You see, storing your food isn’t just something you do before and after cooking each meal; it’s an important part of the whole process, from the moment you step into your kitchen after your weekly food shop right through to the moment you start whipping up something delicious. That’s where we come in.
We’ve rounded up the best tips, tricks and bits of advice to make food last longer, so that you’re wasting less money, time and ingredients. Translation: your kitchen life is about to change.
Keep Your Bananas Separate
If writing on a banana with a ballpoint pen is one of life’s greatest pleasures (seriously, try it), picking up an overly-ripe banana is one of the worst. Luckily, this soft, brown problem can be delayed by simply storing your bananas away from other pieces of fruit. Not to get too scientific, but it’s all to do with ethylene gas. Anyway, storing them separately will prevent them from going gross too soon.
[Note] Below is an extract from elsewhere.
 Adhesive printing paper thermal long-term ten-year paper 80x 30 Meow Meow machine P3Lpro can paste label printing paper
The other thing you can do is wrap the crown (that part of the bunch where they all join) in cling film, which will also lengthen their shelf life.
Wash Your Berries in Vinegar
Because fate has a way of being cruel, berries are both the most expensive fruit and the quickest to go mouldy. Talk about frustrating. Thankfully, there’s an easy way to extend their delicious little lives: bathing them in a vinegar solution that’s one-part distilled vinegar and 8-parts water. Don’t worry, you won’t be able to taste the vinegar, but this hack can make strawberries last up to two weeks longer than usual.
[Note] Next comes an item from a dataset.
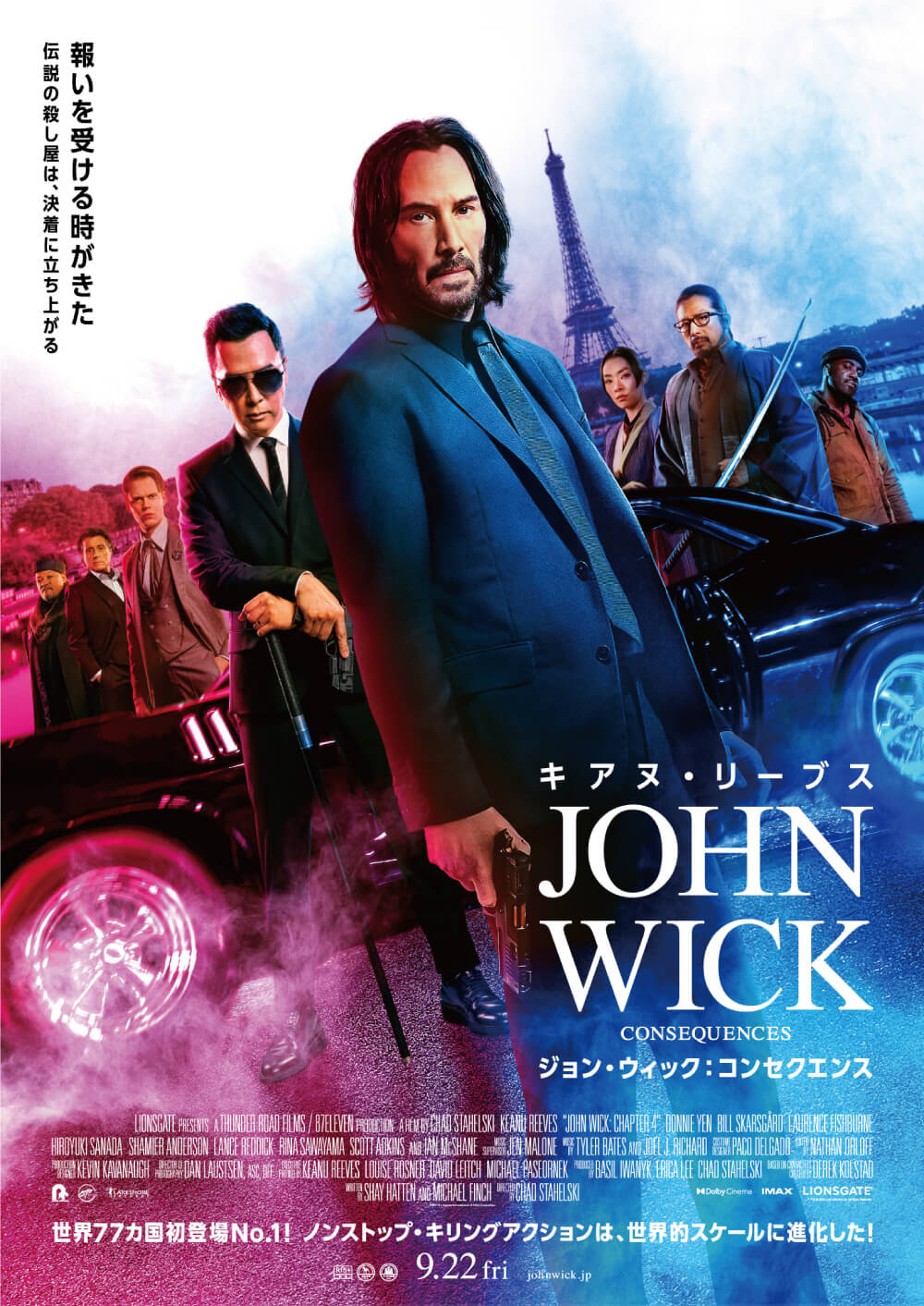 映画『ジョン・ウィック：コンセクエンス』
Store Your Onions in a Pair of Tights
This might sound pretty unusual, but keeping your onions in a pair of tights can help them last up to – wait for it – an incredible eight months longer. One of the more unusual techniques on this list is keeping onions in a pair of thin tights. They don’t have to be your favourite pair from M&S, just an old pair that have maybe seen better days. Once you have that, pop your onions in one by one, tying a knot between each one before storing them in a dark, dry place. Yes, your family will probably question your life choices at first, but we guarantee they’ll start copying you before long.
Wrap Your Veggies in Foil
Let’s get straight to it: certain vegetables will stay nutritious and delicious for a lot longer when wrapped in foil and then stored in the fridge. In fact, both celery and broccoli have been known to last up to four-weeks longer if kept like this.
Store Apples & Potatoes Together
An apple a day keeps those weird sprouty things away… from your potatoes. That’s right. Placing an apple next to your potatoes means the ethylene gas from your apple will keep your potatoes fresher for up to eight weeks, meaning your non-sprouted spuds will be ready for mash-duties.
Put Paper Towels in Your Salad Drawer
Whether you line your salad drawer or simply pop a couple of sheets in your salad bags, this little food storage hack will see your kitchen roll absorb most of the condensation that vegetables create as they chill. This is good news because that excess moisture is guilty of making your fresh salad bits wilt. And the best part: not on;ly will you have fresher veggies, but you won’t have to spend your weekends dealing with that gross cucumber gunk hiding at the back of your fridge.
Take Your Tomatoes Out The Fridge
There are two reasons you need to stop storing your toms in the fridge: the cold ruins their delicious texture and drastically takes away their yummy flavour. That’s why we recommend you keep your tomatoes on your kitchen countertop, where they can ripen to their full potential. Oh and, just so you know, toms aren’t the only vegetable-slash-fruit that shouldn’t be kept in the fridge. Potatoes and onions are also best left in a cool dark place, such as your larder.
Treat Your Asparagus Like Flowers
Next time you grab a pack of fresh asparagus from your local’s farmer’s market, make sure you trim the ends when you get home, just like you would a bouquet of flowers, and then store them in a vase or glass of water. Once you’ve done that, loosely wrap a plastic bag over the tips and then pop them in your fridge.